Task requirements - Would you please reproduce all the entries word for word, minus the pictures?

Input data -

##############################

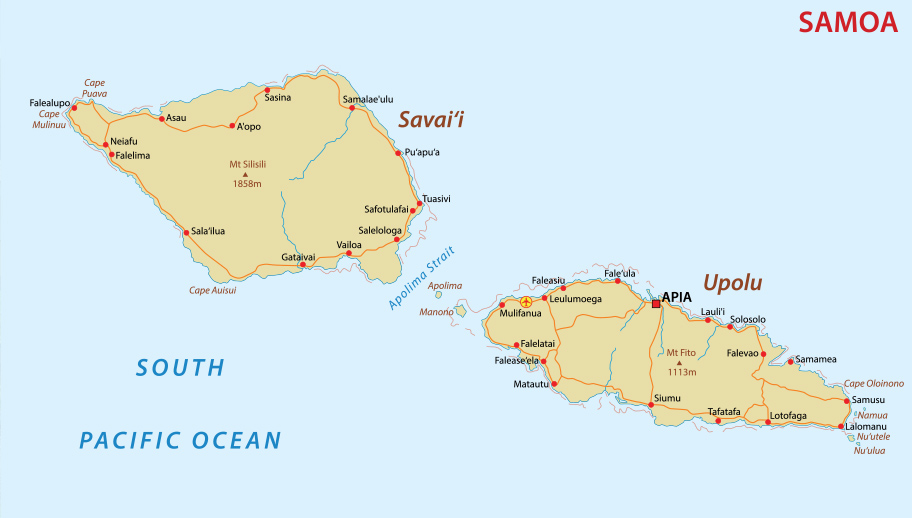 Karte Samoa beide Inseln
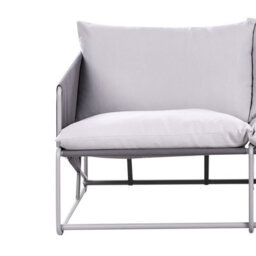 Wyld And Coco Lumina Home Low-Profile Oversized Two-Seater Sofa Grey With Metal Backrest And Steel Frame - thumbnail 9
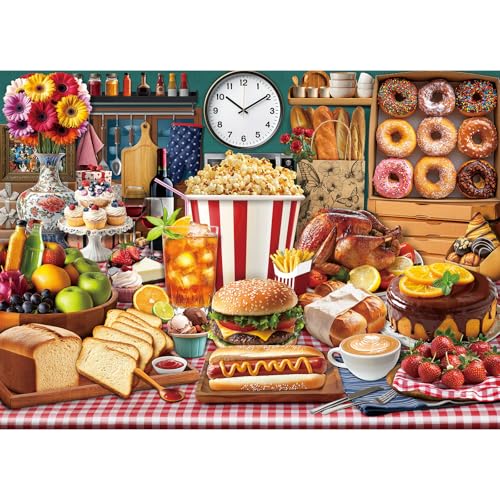 TangMosaic Food Feast Jigsaw Puzzles, Puzzles for Adults 1000 Pieces, Lumière's Banquet Impossible Challenging Puzzles Game, Interlock Perfectly No Dust, Gifts for Easter Father's Mother’s Day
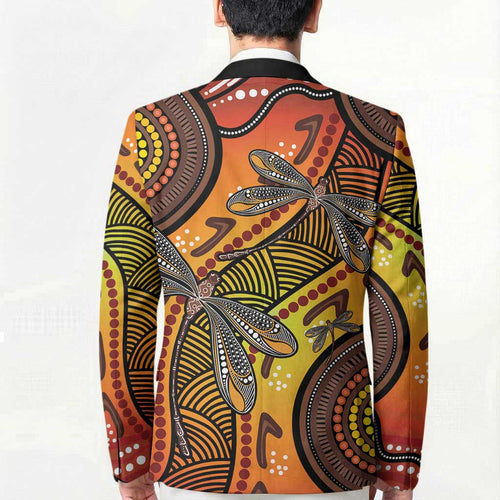Australian Dragonfly Indigenous Art Blazer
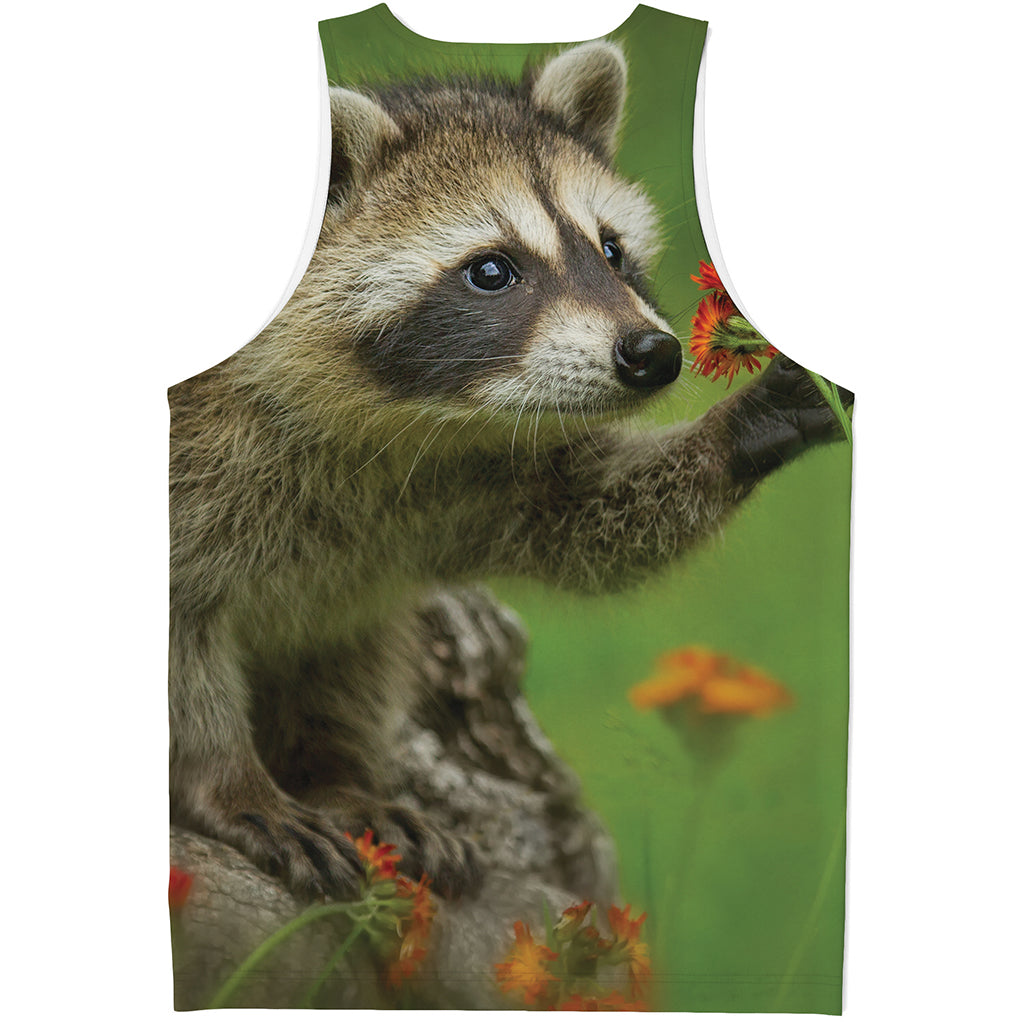 Raccoon And Flower Print Men's Tank Top
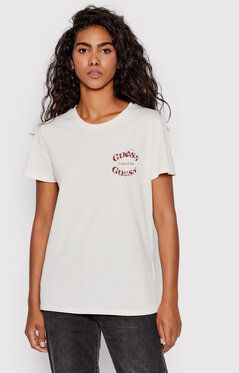 Guess Tričko W2YI02 K9RM1 Biela Regular Fit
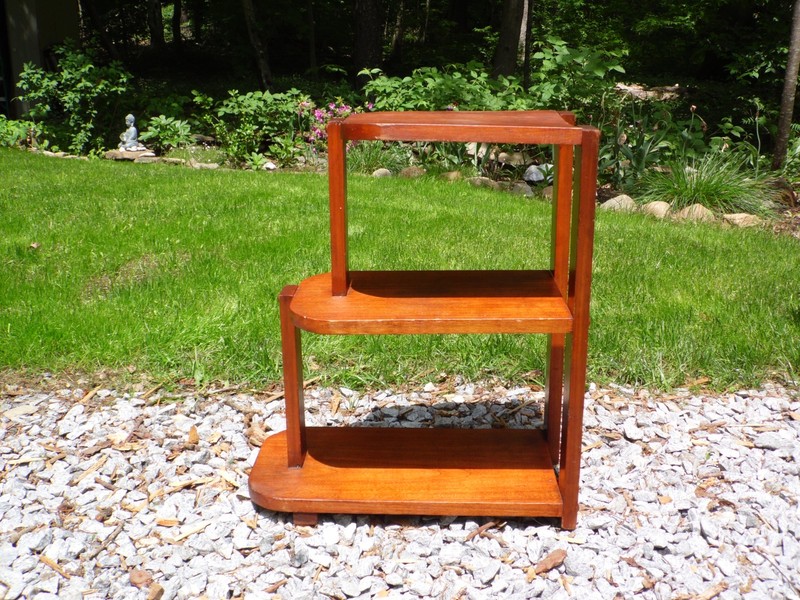 Vintage Art Deco Style Solid Wood Three Tiered Step End Table Stand gallery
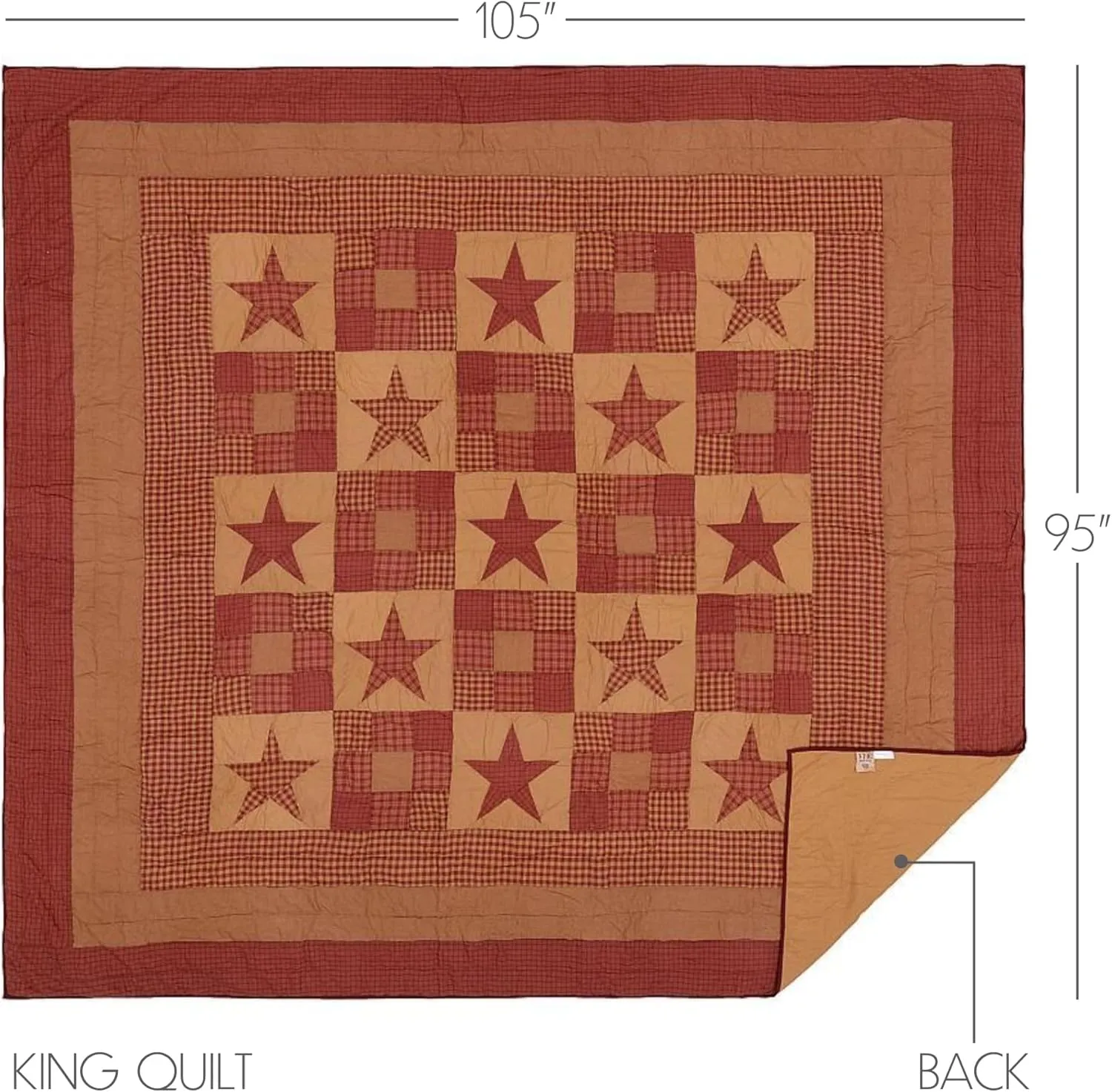 VHC Brands Ninepatch Star King Quilt 105Wx95L Country Patchwork Design, Burgundy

##############################

Task response -
 Karte Samoa beide Inseln
 Wyld And Coco Lumina Home Low-Profile Oversized Two-Seater Sofa Grey With Metal Backrest And Steel Frame - thumbnail 9
 TangMosaic Food Feast Jigsaw Puzzles, Puzzles for Adults 1000 Pieces, Lumière's Banquet Impossible Challenging Puzzles Game, Interlock Perfectly No Dust, Gifts for Easter Father's Mother’s Day
Australian Dragonfly Indigenous Art Blazer
 Raccoon And Flower Print Men's Tank Top
 Guess Tričko W2YI02 K9RM1 Biela Regular Fit
 Vintage Art Deco Style Solid Wood Three Tiered Step End Table Stand gallery
 VHC Brands Ninepatch Star King Quilt 105Wx95L Country Patchwork Design, Burgundy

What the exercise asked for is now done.